Method for producing a fiber composite component for aerospace

Abstract

The invention relates to a method and a molding core for producing a fiber composite component (34), in particular in aerospace, comprising the following method steps: introducing a core sleeve (9) into a molding tool (2) for establishing an outer geometry of a molding core (27) to be formed; filling the core sleeve (9) that is introduced with a vacuum-fixable filling material (21); applying a vacuum to the core sleeve (9) and consequently vacuum-fixing the filling material (21) for forming the molding core (27); and at least partly laying at least one semifinished fiber product (33a, 33b) on the molding core (27) that is formed, for the shaping of the fiber composite component (34) to be produced.

Claims

1. A method for producing a fiber composite component, comprising: providing a molding tool; introducing a core sleeve into the molding tool for establishing an outer geometry of a molding core to be formed, wherein a cross section of the molding core is trapezoidal; providing reinforcing corner profiles in opposing corners of the molding tool, wherein the reinforcing corner profiles include an outer geometry that conforms to an inner geometry of the molding tool; filling the core sleeve with a vacuum-fixable filling material; applying a vacuum to the core sleeve to vacuum-fix the vacuum-fixable filling material, thereby forming a rigid molding core that is compressed within the core sleeve between the portions of the corner profiles, wherein the molding core is elongated and comprises a length along a first axis and a width along a second axis that is orthogonal to the first axis, wherein the length is greater than the width; opening the molding tool and removing the molding core, the core sleeve, and the corner profiles therefrom; applying a release layer to the core sleeve, thereby reducing adhesive attachment of a semifinished fiber composite product to the core sleeve, wherein the release layer is applied on a top surface of the core sleeve and is arranged between the core sleeve and the semifinished fiber composite product; arranging the molding core, the core sleeve, and the corner profiles which are free of semifinished fiber composite product on a planar surface of a base part comprising semifinished fiber composite products, wherein the molding core is arranged so that the first axis is substantially parallel to the planar surface on the base part, and wherein at least two corner profiles are arranged along the longitudinal axis of the molding core one after the other; and laying at least one semifinished fiber product over the molding core, the core sleeve, the corner profiles, and the planar surface of the base part for shaping the fiber composite component to be produced.

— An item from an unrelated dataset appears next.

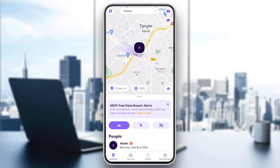Hello everyone and welcome back to a new video. In this video I'm gonna show you guys how to add a profile picture on Life360. If you want to learn how to do it just follow the steps that I'm gonna show you.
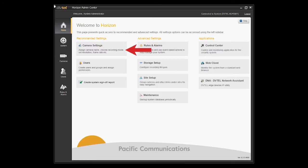The Horizon homepage gives quick access to recommended and advanced settings. At this stage, you may wish to give your cameras unique names or create extra users or even our favorite, the system sign off report.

2. The method according to claim 1, wherein the filling of the core sleeve takes place by at least one of a gravitational force and a blower stream, acting on the vacuum-fixable filling material.

3. The method according to claim 1, wherein before filling, the core sleeve is held open by at least one of a gravitational force and by a first vacuum pump, acting on an outer surface of the core sleeve.

4. The method according to claim 1, wherein the vacuum for the vacuum fixing is monitored for quality assurance.

5. The method according to claim 1, wherein the vacuum-fixable filling material in the molding tool is compacted, shaken, or combination thereof before the vacuum fixing.

6. The method according to claim 1, wherein providing reinforcing corner profiles comprises providing a braided carbon fiber reinforced plastic (CRP) gusset comprising a carbon fiber reinforced plastic (CRP) braided tube with a centrally drawn-in fiber strand, which is pressed into a triangular shape or an extruded plastic gusset.

7. The method according to claim 1, wherein the molding tool is divided in a longitudinal direction of the molding core.

8. The method according to claim 1, wherein, after ending applying the vacuum, the fixable filling material is removed from the core sleeve.

9. The method according to claim 8, wherein the fixable filling material is removed by at least one of shaking out, flushing out, and extraction by suction method.

10. The method according to claim 1, further comprising at least partially curing the fiber composite component and removing the core sleeve from the at least partially cured portion of the fiber composite component.

11. The method according to claim 1, wherein the core sleeve is formed from an elastic or a flexible material.

12. The method according to claim 1, wherein the core sleeve comprises plastic.

13. The method according to claim 1, wherein the molding core is formed with at least one undercut.

14. The method according to claim 1, wherein the fixable filling material is a sand or a quartz sand.

15. The method according to claim 1, wherein the method for producing the fiber composite component takes a form of at least one of a prepreg and vacuum infusion process.

16. The method according to claim 12, wherein the core sleeve comprises polymide or a PTFE plastic.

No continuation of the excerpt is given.